NEW YORK (Reuters) - Stocks rallied on Thursday after three days of losses as stronger-than-expected economic data helped reassure investors concerned about the expected winding down of the Federal Reserve’s economic stimulus.
Despite the rally, the S&P 500 failed to hold significantly above resistance at its 14-day moving average of 1,636.26. Support kicked in earlier in the day after the index traded below its 50-day average and again near 1,600.
Before the market opened, government data showed retail sales rose more than expected in May and first-time applications for jobless benefits fell last week, suggesting resilience in the U.S. economy.
The market, which fell sharply on Wednesday, rose on the data, according to Ken Polcari, director of the NYSE floor division at O‘Neil Securities in New York. But he said stocks’ climb was also due to the overdone selling of previous sessions.

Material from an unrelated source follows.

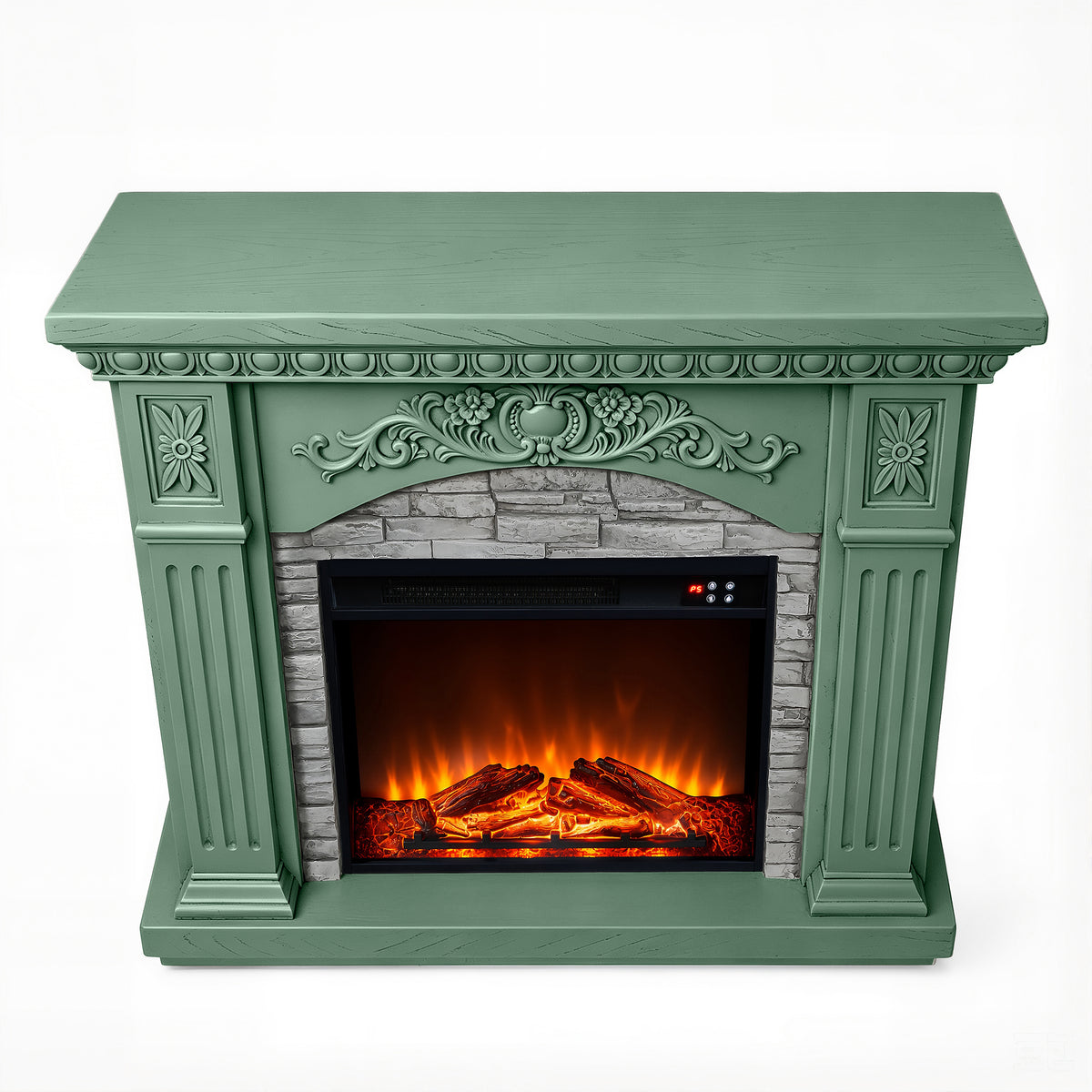 Festivo FFP26235 42.32" Vintage Carved-Look MGO Electric Fireplace Mantel with 23" Insert, Realistic Log & Flame Effect, Remote Control & Timer, Green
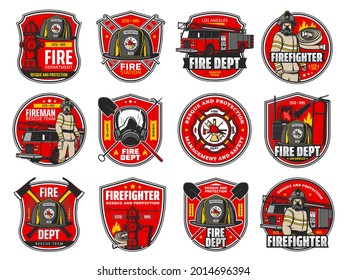 Firefighting icons, heraldic symbols, vector protective helmet and gas mask, fire axe and shovel. Extinguisher, hydrant and fire truck with walkie talkie. Firefighter labels or badge of department set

“I expect the S&P to test support again” near 1,600, Polcari said.
Stocks had fallen every day this week up until Thursday on concern central banks could soon begin to wind down their stimulus measures. Trader angst increased after the Bank of Japan decided not to take any new measures on Tuesday, triggering a sell-off in Japanese equities and a rally in the yen.
“We have been looking for something like this to add to our equity positions,” said Ian Kerrigan, senior investment specialist at JPMorgan Private Bank in Seattle, referring to the pullback.
The Dow Jones industrial average .DJI rose 180.85 points or 1.21 percent, to 15,176.08, the S&P 500 .SPX gained 23.84 points or 1.48 percent, to 1,636.36 and the Nasdaq Composite .IXIC added 44.94 points or 1.32 percent, to 3,445.36.
Despite a rally in both U.S. stocks and the yen, both have strengthened of late their inverse correlation as bets against the Japanese currency were being used to finance long positions in Wall Street equities. The 200-day correlation between the S&P and the Japanese currency stands at -0.92, near its strongest inverse correlation in more than four years.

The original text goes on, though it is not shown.